Я завтракала в гордом одиночестве, причем стоя.
– Эй, девушка, может, посидишь с нами? – гостеприимно позвал меня Нед, завтракавший в компании ухмыляющегося Муртага.
– Спасибо, я постою, – гордо ответила я, и все, кто слышал этот диалог, захохотали.
Спустился Дугал, осмотрел сборище и сказал, обращаясь к Джейми, но так, чтобы слышали все:
– По-моему, ты перестарался, парень. Совсем не надо было избивать ее до полусмерти. Она кричала на всю округу, как будто ее режут.
Джейми покраснел и ничего не ответил. Я вышла на улицу, мечтая немедленно провалиться сквозь землю.
В одном он оказался прав, черт бы его побрал. Никто больше не вспоминал о вчерашнем происшествии, и ко мне снова относились как прежде. Даже проявляли некоторую галантность, догадываясь, что мне не слишком приятно ехать верхом. Муртаг, подмигнув, подложил на мое седло меховую накидку. Я была ему очень признательна. То и дело под разными предлогами мы останавливались, и я могла ненадолго слезть с седла и отдохнуть. Все же путешествие было настоящей пыткой. Я стискивала зубы и думала: черта с два я попрошу вас остановиться, не дождетесь.

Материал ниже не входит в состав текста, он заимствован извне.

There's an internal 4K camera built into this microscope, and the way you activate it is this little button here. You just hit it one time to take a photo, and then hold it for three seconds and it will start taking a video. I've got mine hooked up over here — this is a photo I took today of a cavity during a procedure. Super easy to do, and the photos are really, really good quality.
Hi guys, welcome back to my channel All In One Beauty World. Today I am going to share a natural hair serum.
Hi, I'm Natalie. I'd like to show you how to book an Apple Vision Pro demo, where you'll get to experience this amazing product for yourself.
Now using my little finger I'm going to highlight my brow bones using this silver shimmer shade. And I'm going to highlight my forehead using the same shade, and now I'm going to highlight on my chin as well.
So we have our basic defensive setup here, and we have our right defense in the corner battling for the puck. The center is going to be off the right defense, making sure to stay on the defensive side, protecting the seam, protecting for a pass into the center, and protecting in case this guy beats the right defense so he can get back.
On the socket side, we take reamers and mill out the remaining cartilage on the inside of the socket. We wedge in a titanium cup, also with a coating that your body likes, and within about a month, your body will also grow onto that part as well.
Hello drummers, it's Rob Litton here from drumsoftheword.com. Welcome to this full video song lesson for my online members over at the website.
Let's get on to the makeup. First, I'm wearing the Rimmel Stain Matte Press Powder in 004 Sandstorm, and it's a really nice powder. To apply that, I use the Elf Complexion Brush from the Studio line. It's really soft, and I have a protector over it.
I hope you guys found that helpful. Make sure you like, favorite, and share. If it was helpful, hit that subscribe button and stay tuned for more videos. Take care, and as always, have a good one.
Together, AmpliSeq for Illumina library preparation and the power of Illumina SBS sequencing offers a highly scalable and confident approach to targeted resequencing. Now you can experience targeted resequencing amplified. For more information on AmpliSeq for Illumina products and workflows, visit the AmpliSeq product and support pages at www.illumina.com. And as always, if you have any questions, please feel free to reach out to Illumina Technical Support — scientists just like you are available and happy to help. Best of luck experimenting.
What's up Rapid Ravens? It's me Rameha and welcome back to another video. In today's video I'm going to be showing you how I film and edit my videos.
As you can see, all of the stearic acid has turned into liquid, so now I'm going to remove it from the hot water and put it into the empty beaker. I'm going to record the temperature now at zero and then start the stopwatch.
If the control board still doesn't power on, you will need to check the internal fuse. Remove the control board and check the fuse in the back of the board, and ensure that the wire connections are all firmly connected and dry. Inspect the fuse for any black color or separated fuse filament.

Я пыталась испепелить взглядом спину Джейми, но у меня ничего не получалось. Его спина, как всегда, излучала невозмутимое спокойствие. Постепенно успокаиваясь, я думала о том, что он сказал мне вчера: «Ты жила там, где все проще». Действительно, он был прав. В моей прежней жизни не было такого ежедневного риска. Моей целью никогда не было выживание, меня беспокоили только условия жизни, комфорт и благополучие. Мир, в который я случайно попала, был жесток. Люди здесь непрерывно боролись за свое существование. Боролись с суровой природой, с болезнями, от которых не было лекарств, с бесчисленными врагами… И все здесь зависело только от тебя. Если ты сильный и хитрый – ты выживешь, если слабый и неосторожный – пропадешь. В моей прежней жизни не было непоправимых ошибок. Поступила не в тот институт – попробуй еще раз. Вышла замуж не за того – разведись. Не нравится работа – поменяй. Нежеланная беременность – не надо топиться, как бедная Лиза, можно сделать аборт. А здесь каждый шаг мог спасти или погубить чью-то жизнь. Меня уже сто раз могли изнасиловать, избить, пристрелить, зарезать или отправить в Толбот…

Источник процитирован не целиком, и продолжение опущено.